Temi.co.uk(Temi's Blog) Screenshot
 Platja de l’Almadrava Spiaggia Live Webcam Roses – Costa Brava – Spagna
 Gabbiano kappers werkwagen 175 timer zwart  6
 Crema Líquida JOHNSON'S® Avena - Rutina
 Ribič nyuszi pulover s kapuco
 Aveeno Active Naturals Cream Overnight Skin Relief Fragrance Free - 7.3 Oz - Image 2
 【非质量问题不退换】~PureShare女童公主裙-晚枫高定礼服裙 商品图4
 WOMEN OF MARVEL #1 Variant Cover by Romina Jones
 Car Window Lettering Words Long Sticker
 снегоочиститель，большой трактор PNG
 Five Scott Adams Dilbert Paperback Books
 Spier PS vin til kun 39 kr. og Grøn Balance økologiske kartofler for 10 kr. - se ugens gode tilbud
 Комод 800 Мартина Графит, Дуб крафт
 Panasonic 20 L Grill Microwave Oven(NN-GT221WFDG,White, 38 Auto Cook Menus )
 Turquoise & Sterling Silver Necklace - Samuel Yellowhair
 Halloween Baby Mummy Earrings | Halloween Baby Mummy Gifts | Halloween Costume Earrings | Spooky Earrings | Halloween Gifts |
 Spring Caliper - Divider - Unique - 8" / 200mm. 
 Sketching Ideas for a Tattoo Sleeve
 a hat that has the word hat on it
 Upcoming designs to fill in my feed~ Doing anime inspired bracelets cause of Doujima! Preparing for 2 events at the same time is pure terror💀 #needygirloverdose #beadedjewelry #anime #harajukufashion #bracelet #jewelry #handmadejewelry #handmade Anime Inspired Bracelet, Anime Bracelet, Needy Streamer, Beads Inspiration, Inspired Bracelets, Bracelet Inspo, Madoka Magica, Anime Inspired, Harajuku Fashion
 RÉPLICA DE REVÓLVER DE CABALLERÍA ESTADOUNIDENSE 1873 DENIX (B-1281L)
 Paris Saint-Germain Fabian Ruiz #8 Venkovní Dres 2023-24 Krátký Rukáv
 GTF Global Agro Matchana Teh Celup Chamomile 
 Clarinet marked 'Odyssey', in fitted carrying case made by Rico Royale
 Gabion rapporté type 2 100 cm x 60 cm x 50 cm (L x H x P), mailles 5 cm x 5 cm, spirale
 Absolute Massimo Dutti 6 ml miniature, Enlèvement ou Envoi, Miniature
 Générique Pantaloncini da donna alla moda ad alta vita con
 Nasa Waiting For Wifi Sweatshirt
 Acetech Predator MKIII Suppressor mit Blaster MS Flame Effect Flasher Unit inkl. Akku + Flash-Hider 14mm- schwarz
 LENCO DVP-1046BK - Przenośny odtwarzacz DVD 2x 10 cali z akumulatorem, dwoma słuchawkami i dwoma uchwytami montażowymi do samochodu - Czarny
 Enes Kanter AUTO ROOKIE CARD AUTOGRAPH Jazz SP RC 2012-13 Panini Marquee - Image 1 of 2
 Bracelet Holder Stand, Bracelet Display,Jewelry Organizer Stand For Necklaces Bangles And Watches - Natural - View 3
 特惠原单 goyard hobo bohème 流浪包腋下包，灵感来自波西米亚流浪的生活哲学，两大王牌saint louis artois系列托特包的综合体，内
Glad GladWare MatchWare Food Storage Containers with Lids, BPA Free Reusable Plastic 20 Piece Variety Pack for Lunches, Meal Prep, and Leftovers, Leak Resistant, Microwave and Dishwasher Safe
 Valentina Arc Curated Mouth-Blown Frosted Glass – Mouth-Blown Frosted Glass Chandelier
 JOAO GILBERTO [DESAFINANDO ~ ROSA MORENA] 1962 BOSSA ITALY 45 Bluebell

________

Set down, exactly as they stand above, the lines starting with the line with "Clarinet marked 'Odyssey', in" and going on through the line with "Absolute Massimo Dutti", and no others.

 Clarinet marked 'Odyssey', in fitted carrying case made by Rico Royale
 Gabion rapporté type 2 100 cm x 60 cm x 50 cm (L x H x P), mailles 5 cm x 5 cm, spirale
 Absolute Massimo Dutti 6 ml miniature, Enlèvement ou Envoi, Miniature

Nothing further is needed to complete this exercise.